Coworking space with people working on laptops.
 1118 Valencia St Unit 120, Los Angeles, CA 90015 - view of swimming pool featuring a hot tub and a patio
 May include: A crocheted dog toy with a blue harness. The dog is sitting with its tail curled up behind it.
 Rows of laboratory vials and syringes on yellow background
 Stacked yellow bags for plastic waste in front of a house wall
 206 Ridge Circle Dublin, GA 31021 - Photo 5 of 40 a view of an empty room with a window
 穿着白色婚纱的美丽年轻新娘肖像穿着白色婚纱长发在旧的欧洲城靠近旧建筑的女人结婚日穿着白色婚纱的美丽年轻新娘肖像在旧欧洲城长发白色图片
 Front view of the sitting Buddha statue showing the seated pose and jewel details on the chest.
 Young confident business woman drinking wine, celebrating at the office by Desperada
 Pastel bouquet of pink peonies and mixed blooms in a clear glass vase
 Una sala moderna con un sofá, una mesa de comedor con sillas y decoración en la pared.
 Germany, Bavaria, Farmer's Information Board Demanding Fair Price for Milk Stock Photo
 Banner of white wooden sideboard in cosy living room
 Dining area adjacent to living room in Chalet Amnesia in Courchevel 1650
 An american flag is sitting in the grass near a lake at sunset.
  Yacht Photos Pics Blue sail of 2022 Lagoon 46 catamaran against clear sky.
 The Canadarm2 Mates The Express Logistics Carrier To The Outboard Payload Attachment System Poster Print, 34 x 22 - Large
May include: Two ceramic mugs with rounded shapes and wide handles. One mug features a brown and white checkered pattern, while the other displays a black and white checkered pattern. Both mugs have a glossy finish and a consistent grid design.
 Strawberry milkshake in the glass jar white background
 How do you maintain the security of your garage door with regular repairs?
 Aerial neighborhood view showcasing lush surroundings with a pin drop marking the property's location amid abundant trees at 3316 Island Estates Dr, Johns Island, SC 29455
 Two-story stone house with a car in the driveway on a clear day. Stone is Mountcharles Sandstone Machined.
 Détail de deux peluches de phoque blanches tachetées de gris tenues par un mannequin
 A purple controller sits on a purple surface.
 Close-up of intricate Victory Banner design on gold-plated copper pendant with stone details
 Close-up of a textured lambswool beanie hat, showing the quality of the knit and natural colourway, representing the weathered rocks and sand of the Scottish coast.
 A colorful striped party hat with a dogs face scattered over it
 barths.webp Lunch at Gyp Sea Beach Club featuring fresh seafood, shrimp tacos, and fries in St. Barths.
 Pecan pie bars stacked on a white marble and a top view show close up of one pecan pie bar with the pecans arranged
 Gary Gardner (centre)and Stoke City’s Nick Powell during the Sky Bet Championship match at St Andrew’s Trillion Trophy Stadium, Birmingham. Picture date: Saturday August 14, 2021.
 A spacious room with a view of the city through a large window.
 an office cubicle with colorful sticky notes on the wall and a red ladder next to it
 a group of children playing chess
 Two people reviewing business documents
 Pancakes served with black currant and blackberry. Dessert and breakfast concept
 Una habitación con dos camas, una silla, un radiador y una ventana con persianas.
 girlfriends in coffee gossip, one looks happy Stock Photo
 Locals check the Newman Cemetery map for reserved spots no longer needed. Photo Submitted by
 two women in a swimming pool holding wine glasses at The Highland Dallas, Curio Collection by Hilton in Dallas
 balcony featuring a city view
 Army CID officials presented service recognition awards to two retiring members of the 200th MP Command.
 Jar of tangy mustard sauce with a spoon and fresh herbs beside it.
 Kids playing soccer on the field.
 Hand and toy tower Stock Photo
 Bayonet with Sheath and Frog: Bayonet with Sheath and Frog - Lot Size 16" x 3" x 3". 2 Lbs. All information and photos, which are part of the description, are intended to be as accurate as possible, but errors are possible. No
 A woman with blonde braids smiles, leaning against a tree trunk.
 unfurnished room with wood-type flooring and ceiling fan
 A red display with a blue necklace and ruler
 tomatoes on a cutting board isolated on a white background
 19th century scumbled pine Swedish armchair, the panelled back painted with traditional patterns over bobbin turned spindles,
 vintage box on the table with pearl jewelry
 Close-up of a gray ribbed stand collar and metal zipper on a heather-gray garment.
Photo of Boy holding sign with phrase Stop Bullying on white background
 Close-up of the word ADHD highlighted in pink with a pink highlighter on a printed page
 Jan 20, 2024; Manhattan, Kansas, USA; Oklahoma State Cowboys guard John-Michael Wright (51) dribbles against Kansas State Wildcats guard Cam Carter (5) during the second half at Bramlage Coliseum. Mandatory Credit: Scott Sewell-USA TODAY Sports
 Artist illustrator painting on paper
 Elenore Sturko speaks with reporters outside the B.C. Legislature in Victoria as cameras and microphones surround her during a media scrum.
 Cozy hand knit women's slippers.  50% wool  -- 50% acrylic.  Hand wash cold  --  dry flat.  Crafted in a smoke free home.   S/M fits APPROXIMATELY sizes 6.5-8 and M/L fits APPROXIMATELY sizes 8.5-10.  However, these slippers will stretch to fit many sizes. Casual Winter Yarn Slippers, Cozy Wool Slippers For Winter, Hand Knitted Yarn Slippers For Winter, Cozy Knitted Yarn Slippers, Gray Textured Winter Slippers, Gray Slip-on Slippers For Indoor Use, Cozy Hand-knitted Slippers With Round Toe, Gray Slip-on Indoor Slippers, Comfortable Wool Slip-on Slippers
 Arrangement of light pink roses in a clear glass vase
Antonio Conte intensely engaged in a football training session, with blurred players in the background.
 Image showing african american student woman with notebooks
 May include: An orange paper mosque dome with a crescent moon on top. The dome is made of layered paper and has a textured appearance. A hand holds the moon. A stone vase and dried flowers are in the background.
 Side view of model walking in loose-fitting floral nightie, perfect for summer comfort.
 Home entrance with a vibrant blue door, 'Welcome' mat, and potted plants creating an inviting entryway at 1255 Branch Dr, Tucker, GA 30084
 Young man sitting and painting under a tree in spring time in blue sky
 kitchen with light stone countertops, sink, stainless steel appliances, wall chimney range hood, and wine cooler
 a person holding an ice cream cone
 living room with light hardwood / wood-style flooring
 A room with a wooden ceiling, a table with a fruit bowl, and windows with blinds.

- Task prompt: Return every entry exactly.

- Solution:
Coworking space with people working on laptops.
 1118 Valencia St Unit 120, Los Angeles, CA 90015 - view of swimming pool featuring a hot tub and a patio
 May include: A crocheted dog toy with a blue harness. The dog is sitting with its tail curled up behind it.
 Rows of laboratory vials and syringes on yellow background
 Stacked yellow bags for plastic waste in front of a house wall
 206 Ridge Circle Dublin, GA 31021 - Photo 5 of 40 a view of an empty room with a window
 穿着白色婚纱的美丽年轻新娘肖像穿着白色婚纱长发在旧的欧洲城靠近旧建筑的女人结婚日穿着白色婚纱的美丽年轻新娘肖像在旧欧洲城长发白色图片
 Front view of the sitting Buddha statue showing the seated pose and jewel details on the chest.
 Young confident business woman drinking wine, celebrating at the office by Desperada
 Pastel bouquet of pink peonies and mixed blooms in a clear glass vase
 Una sala moderna con un sofá, una mesa de comedor con sillas y decoración en la pared.
 Germany, Bavaria, Farmer's Information Board Demanding Fair Price for Milk Stock Photo
 Banner of white wooden sideboard in cosy living room
 Dining area adjacent to living room in Chalet Amnesia in Courchevel 1650
 An american flag is sitting in the grass near a lake at sunset.
  Yacht Photos Pics Blue sail of 2022 Lagoon 46 catamaran against clear sky.
 The Canadarm2 Mates The Express Logistics Carrier To The Outboard Payload Attachment System Poster Print, 34 x 22 - Large
May include: Two ceramic mugs with rounded shapes and wide handles. One mug features a brown and white checkered pattern, while the other displays a black and white checkered pattern. Both mugs have a glossy finish and a consistent grid design.
 Strawberry milkshake in the glass jar white background
 How do you maintain the security of your garage door with regular repairs?
 Aerial neighborhood view showcasing lush surroundings with a pin drop marking the property's location amid abundant trees at 3316 Island Estates Dr, Johns Island, SC 29455
 Two-story stone house with a car in the driveway on a clear day. Stone is Mountcharles Sandstone Machined.
 Détail de deux peluches de phoque blanches tachetées de gris tenues par un mannequin
 A purple controller sits on a purple surface.
 Close-up of intricate Victory Banner design on gold-plated copper pendant with stone details
 Close-up of a textured lambswool beanie hat, showing the quality of the knit and natural colourway, representing the weathered rocks and sand of the Scottish coast.
 A colorful striped party hat with a dogs face scattered over it
 barths.webp Lunch at Gyp Sea Beach Club featuring fresh seafood, shrimp tacos, and fries in St. Barths.
 Pecan pie bars stacked on a white marble and a top view show close up of one pecan pie bar with the pecans arranged
 Gary Gardner (centre)and Stoke City’s Nick Powell during the Sky Bet Championship match at St Andrew’s Trillion Trophy Stadium, Birmingham. Picture date: Saturday August 14, 2021.
 A spacious room with a view of the city through a large window.
 an office cubicle with colorful sticky notes on the wall and a red ladder next to it
 a group of children playing chess
 Two people reviewing business documents
 Pancakes served with black currant and blackberry. Dessert and breakfast concept
 Una habitación con dos camas, una silla, un radiador y una ventana con persianas.
 girlfriends in coffee gossip, one looks happy Stock Photo
 Locals check the Newman Cemetery map for reserved spots no longer needed. Photo Submitted by
 two women in a swimming pool holding wine glasses at The Highland Dallas, Curio Collection by Hilton in Dallas
 balcony featuring a city view
 Army CID officials presented service recognition awards to two retiring members of the 200th MP Command.
 Jar of tangy mustard sauce with a spoon and fresh herbs beside it.
 Kids playing soccer on the field.
 Hand and toy tower Stock Photo
 Bayonet with Sheath and Frog: Bayonet with Sheath and Frog - Lot Size 16" x 3" x 3". 2 Lbs. All information and photos, which are part of the description, are intended to be as accurate as possible, but errors are possible. No
 A woman with blonde braids smiles, leaning against a tree trunk.
 unfurnished room with wood-type flooring and ceiling fan
 A red display with a blue necklace and ruler
 tomatoes on a cutting board isolated on a white background
 19th century scumbled pine Swedish armchair, the panelled back painted with traditional patterns over bobbin turned spindles,
 vintage box on the table with pearl jewelry
 Close-up of a gray ribbed stand collar and metal zipper on a heather-gray garment.
Photo of Boy holding sign with phrase Stop Bullying on white background
 Close-up of the word ADHD highlighted in pink with a pink highlighter on a printed page
 Jan 20, 2024; Manhattan, Kansas, USA; Oklahoma State Cowboys guard John-Michael Wright (51) dribbles against Kansas State Wildcats guard Cam Carter (5) during the second half at Bramlage Coliseum. Mandatory Credit: Scott Sewell-USA TODAY Sports
 Artist illustrator painting on paper
 Elenore Sturko speaks with reporters outside the B.C. Legislature in Victoria as cameras and microphones surround her during a media scrum.
 Cozy hand knit women's slippers.  50% wool  -- 50% acrylic.  Hand wash cold  --  dry flat.  Crafted in a smoke free home.   S/M fits APPROXIMATELY sizes 6.5-8 and M/L fits APPROXIMATELY sizes 8.5-10.  However, these slippers will stretch to fit many sizes. Casual Winter Yarn Slippers, Cozy Wool Slippers For Winter, Hand Knitted Yarn Slippers For Winter, Cozy Knitted Yarn Slippers, Gray Textured Winter Slippers, Gray Slip-on Slippers For Indoor Use, Cozy Hand-knitted Slippers With Round Toe, Gray Slip-on Indoor Slippers, Comfortable Wool Slip-on Slippers
 Arrangement of light pink roses in a clear glass vase
Antonio Conte intensely engaged in a football training session, with blurred players in the background.
 Image showing african american student woman with notebooks
 May include: An orange paper mosque dome with a crescent moon on top. The dome is made of layered paper and has a textured appearance. A hand holds the moon. A stone vase and dried flowers are in the background.
 Side view of model walking in loose-fitting floral nightie, perfect for summer comfort.
 Home entrance with a vibrant blue door, 'Welcome' mat, and potted plants creating an inviting entryway at 1255 Branch Dr, Tucker, GA 30084
 Young man sitting and painting under a tree in spring time in blue sky
 kitchen with light stone countertops, sink, stainless steel appliances, wall chimney range hood, and wine cooler
 a person holding an ice cream cone
 living room with light hardwood / wood-style flooring
 A room with a wooden ceiling, a table with a fruit bowl, and windows with blinds.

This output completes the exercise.